The campus was nice – I’d never seen it. I sat at a picnic table under a pine tree and drew and watched the beautiful, sundry young people go by while Lisa did her thing. By the time she was done, it was lunch time, we were very hungry, and so we headed back to downtown. By this time, Lisa was driving like a local (WOW!) and we found the restaurant – Mother’s, it’s my all-time favorite – we had a debris poboy (debris is the bits of the roast that fall off while it’s cooking), a half-and-half (mixed fried oyster and shrimp, oh my god…) a big bowl of jambalaya, and a big bowl of gumbo. It cost a fortune, but it was well worth it, and despite thinking that we’d have leftovers – we did NOT! : ) OOOO-WEE!

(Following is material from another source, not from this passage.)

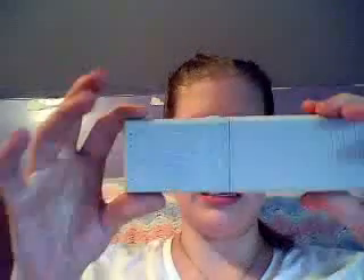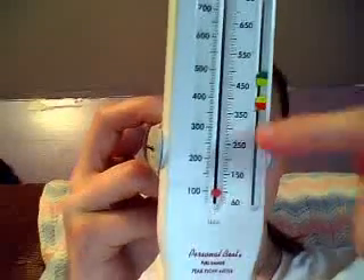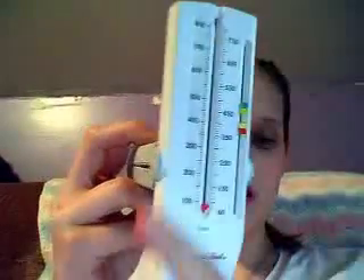A good thing to get is a peak flow meter. The doctor sets these little markers on here where you should be. The green level is perfect — green and above is perfect. Yellow level is where you should start to be concerned. And if you get red and below, go to the doctor. You stand up and breathe in, then blow out as fast as you can into this, and it'll move the little red dial up.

After Mother’s we went on down to the Quarter to shop. Our first stop was at O’Flaherty’s for a ½ pint and then we walked in circles for a moment so I could “get my bearings”****. We hit Royale and some of my faves there – Three Dog Bakery, for Lu-treats, and The Mystic Curio, which is where I bought the pentacle I wear every day, and some antiquey spots. Then we hit a side street for Esoterica and some cute girlie-boing-boing shops (one where I saw a shirt that said “W.W.J.J.D.? – What Would Joan Jett Do?” EE!). Then we stopped and bought muffs for dinner (“Save a Dago, Eat a Muff!”) and headed over to the French Market
for some SERIOUS souvenir shopping…
After that, we headed back into the quarter, where I bought myself a beee-yootiful antique cotton Hawaiian shirt, and found a pretty boy a pretty piece of jewelry. By the time we were broke, it was just about time to get over to Aunt Mary and Uncle Eddie’s for dinner.
Lisa got there with no trouble at all, and Mary and Eddie were leaning on the fence, chatting with a neighbor and waiting for us. It was so good to see their faces, to feel HOME. We ate and talked and had some DURN good iced tea, and after dinner, Aunt Mary pulled out some family photos. It was so sweet, I honestly hated to leave, but it was getting late, and we had one more date.
With the very best kinds of hugs and kisses still lingering on my skin, we drove back to Jennifer’s place (once more, may I commend Lisa’s amazing driving and navigational skills!) and upon arrival we were treated to a very festive sight.
Miss Jennifer, who is truly super-model stunning (as well as a !@#$ BRILLIANT lawyer) was out on her porch painting her door in a see-through coverall with some VERY fancy red lace Victoria’s Secret style lingerie on. I am sure that the neighbors were pleased. Let me add here that this lady welcomed us (complete STRANGErs) into her home, served us Turbo Dog, and generally just made us feel like family. Before the visit was over, I felt like I’d adopted another sister – especially when she said “Tedd, if I find Sam a job, can I keep her?” (And also, let me add, “YAY, TEDD!!! You get all that girl AND the !@#$ leather mini pirate costume, etc. WOO!!!”)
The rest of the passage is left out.